Le livre carré à la couverture verte, rembourrée, nous donne dans son épaisseur une sensation de souplesse qui suggère le confort des vieux albums d’images. Ce livre pourtant ne laisse d’emblée que peu de place aux extraits photographiques que la graphiste Charlotte Devanz a inséré dans le corps des lettres. Le A de « HAUS » accueille une fleur pour évoquer « la maison ». Le O de « HOFF » (la Ferme) encadre le portrait d’une enfant au regard boudeur ou questionnant. Dans le D de « LAND » picorent des poules. Ces termes germaniques du titre nous rappellent les origines de la photographe qui vit en France depuis près de 30 ans . Ce livre fait suite à un premier album « D’Allemagne » publié en 2003.

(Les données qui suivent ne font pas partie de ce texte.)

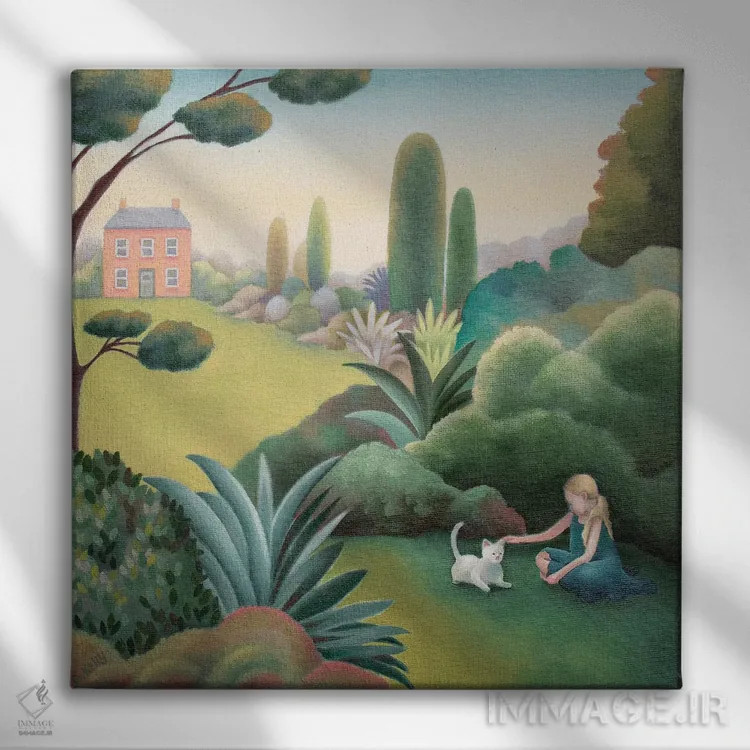 تابلو بچهگربه شیرین اثر آنتوانت کلی - نمای روبهرو روی دیوار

Une très jeune fille habillée en dimanche se fait coiffer chez elle, est ce pour ces gâteaux de fête sur leur nappe d’apparat, tandis que les hommes comme les bêtes se reposent , un grand frère rêve d’aventure sur des chariots enneigés. La fête devient parade dans un village miniature. Puis la vie à la ferme reprend dans le calme des paysages où les soldats ne sont plus que des jouets. L’événement c’est la naissance d’un petit veau, couverture repliée sur les meules de foin, la petite chaise percée comporte son boulier en attente d’une autre fête folklorique. Tous ces espaces intimes se dédoublent comme l’écrivait Christophe Berthoud sur « des espaces ouverts à la connaissance de soi ». Toutes les vues en extérieur semblent offrir des échappatoires par rapport aux lieux plus contraints où vivent les personnages de différentes générations.
Ces sorties évoquent une autre série résultante des pratiques quotidiennes de la photographe, ces Dogwalk où les promenades avec son chien dont elle filme le processus dans Charo’s video donnent matière à des images de proximité. Ses modèles appartiennent à sa sphère intime, on les reconnait sur des images à différents moments de leur vie. On peut les considérer comme des figures prototypes où chacun de nous aime à retrouver ses proches. Dans ce rapport tactile à l’enfance de nombreuses photographies sont centrées sur un objet que le cadrage central vient juste nommer, champignon, maison de poupée, escabeau etc comme dans un abécédaire. En effet HAUS HOF LAND est un livre sans texte si ce n’est un feuillet glissé en fin d’ouvrage où Brigitte Bauer liste ses mots en français et en allemand qui marquent ses réactions spontanées après constitution du chemin de fer de son livre.
La photographe entretient un rapport singulier au temps, elle sait que pour faire œuvre la photographie doit prendre le temps de sa maturation, ainsi des images d’Ost Deutschland réalisées en 1989 seront exposées pour les 20 ans de la chute du Mur. Et les œuvres de son dernier livre sont collectivement datées 1987-2015 sans précision individuelle. Si certains évènements défilés ou processions ainsi que moments de famille semblent immuables les images d’exil qui en résultent s’affirment moins en référence à un pays qu’à une période de l’histoire récente mais aussi du développement de la personnalité de chacun. Ce livre nous incite à faire dignement le deuil de notre enfance.